Now, a lecture on morals and values is the last thing that a child wants to hear at that time. So, I said, “Shh! Is that a blue bird in the tree?” That did it! He immediately quietened down as we walked over to investigate. Then he was ready to move to the next activity.
The other trick is to mean what you say and stick to it. Children know when you are serious and when you aren’t . Let them know you mean business. If you stick to what you say, after a certain point they give up.
If you keep your strategies consistent and her whining doesn’t help, then she will eventually stop asking to stay up later each night (maybe by the time she turns 20!).
The distraction is sometimes tougher. You have to keep on top of what her new likes and dislikes are. Carry special things in a bag that she doesn’t play with much. So they are special when she sees them. Band-aids, stickers and lollipops are great to have on the hand.
Your “art” of distraction can be expanded to include new techniques: silly games, songs, funny dances and goofy faces. A sense of humour really helps to ease children happily from one thing to the next.

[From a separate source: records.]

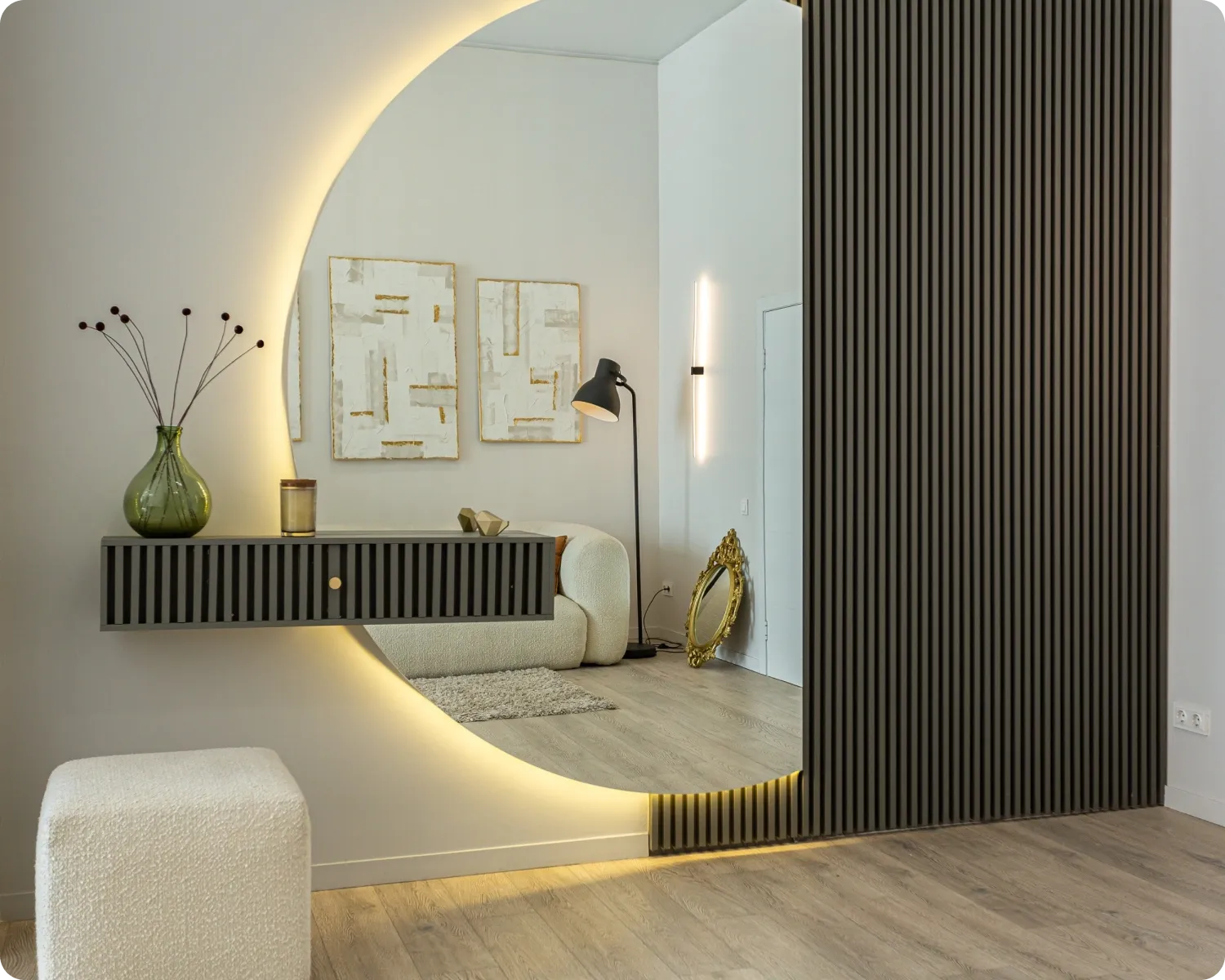 Large round backlit mirror on a hallway wall above a floating drawer, beside a timber slat panel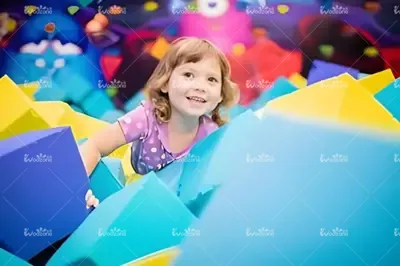 Little girl playing in colorful soft foam block sensory play zone, safe indoor kids playground sensory activity area for family entertainment center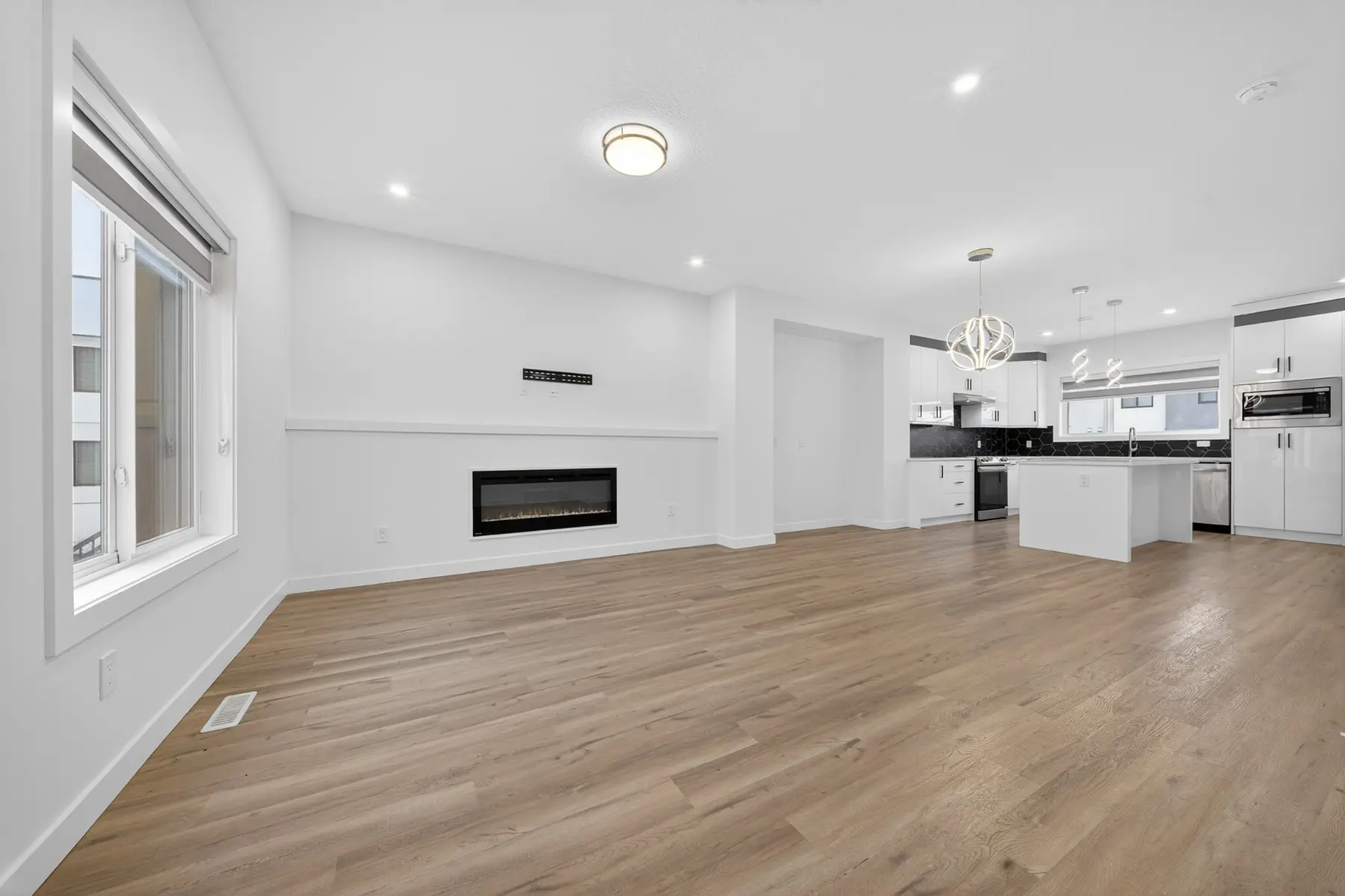Open-concept living room and kitchen inside a home at The Palms at Salisbury
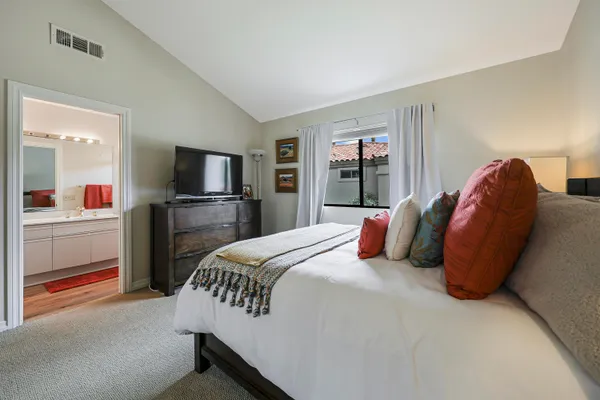 a bedroom with a large bed and a tv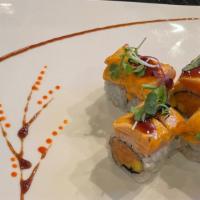 Sunset Roll · Seared salmon on top, inside spicy salmon, mango with ponzu, unagi sauce.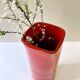 Large red glazed ceramic vase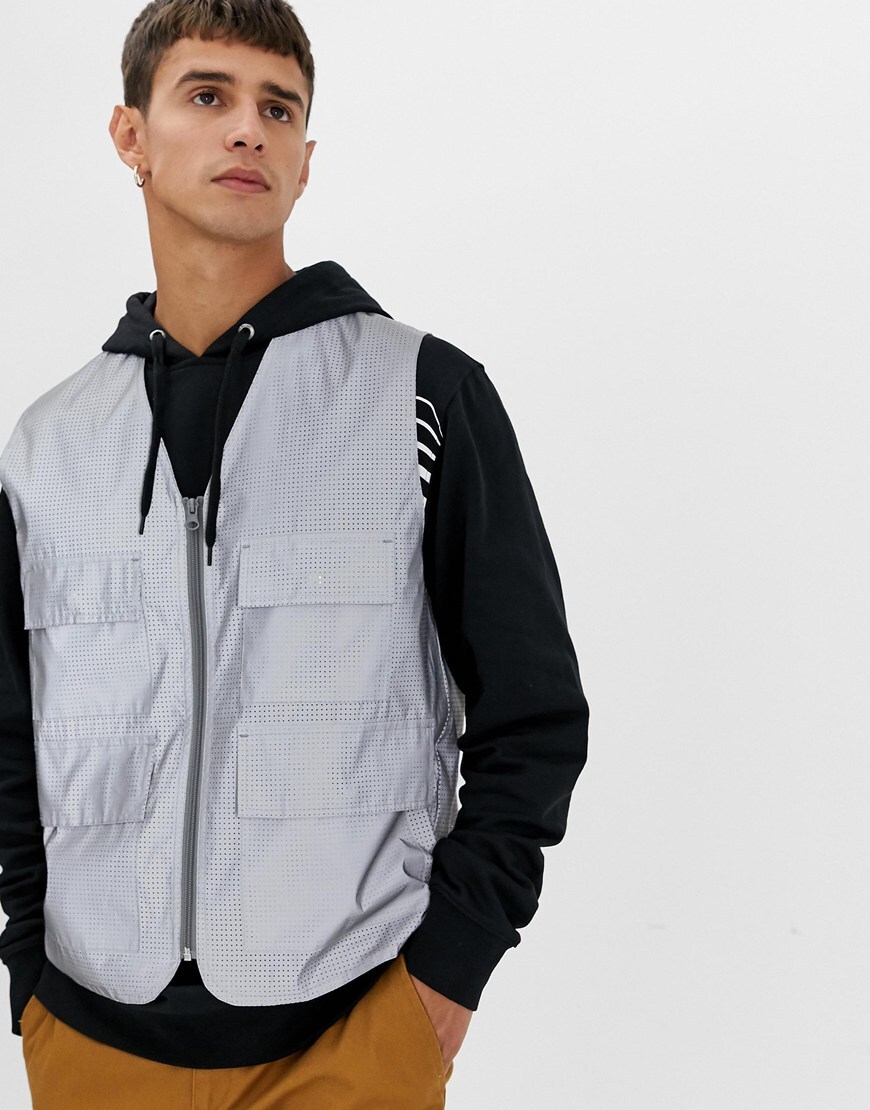 A picture of a model wearing a reflective gilet. Available at ASOS.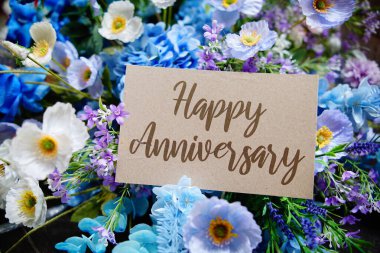 Mutlu yıldönümü metinleri kağıdın üzerine yazılır ve tahta arka planda çiçekler süslenir.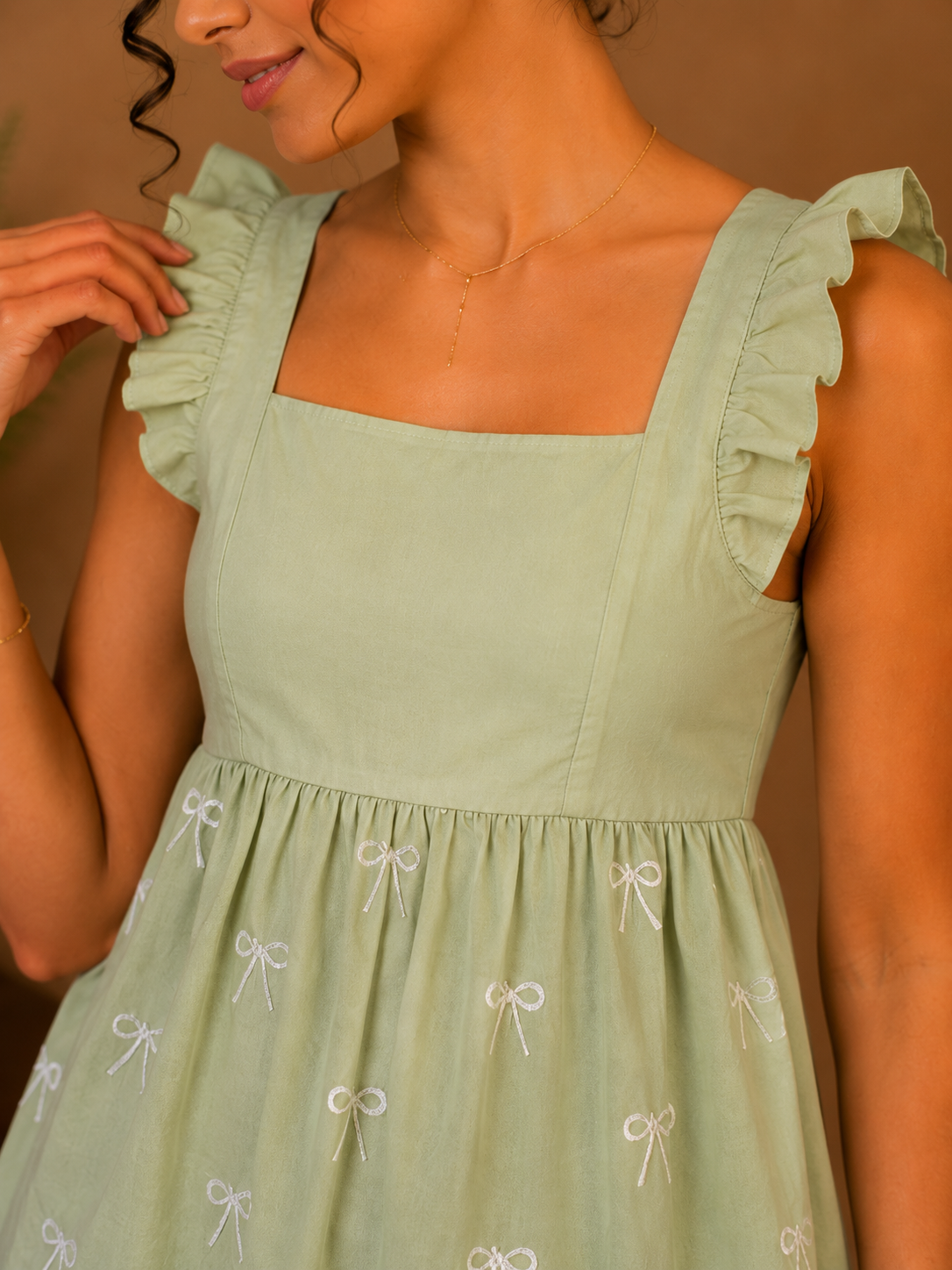 Floral Bow Embroidered Peplum Top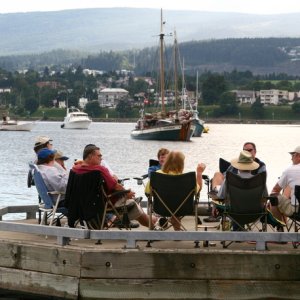 Cocktail hour(s) at the end of the pier at Newcastle Island, with Nanaimo in background.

You will come up with your special “humorous” skits. We play “The monster takes mamma away” a lot. He loves that game. Now the new problem is playing the monster game three times!
Also, your child’s reactions are exaggerated when she is hungry and tired. Try to avoid these situations because your child really cannot control her misbehavior. It would do well to remember how cranky we get on feeling the pangs of hunger.
Another good reminder: “don’t let irrationality rule.” If you must complete a project and your child won’t cooperate, distract her, take her out to the playground or, otherwise, put a stop to her efforts. Don’t let a child’s irrationality run – and ruin – everyone else’s life.
You will find that as time goes on, you will master this art. One day I knew that I had when my husband said, “You are really good at distracting!” Now I see him doing some of the same things.
Don’t be afraid to take advice from friends and relatives. I learned my best techniques from them. And most importantly, listen to the needs and desires of your child. They really do want to please you.
When my kid listens to me and nicely leaves the swimming pool or birthday party to go home (how boring), I tell him how proud I am of him. He always gives me a big smile because it makes him feel warm on the inside too!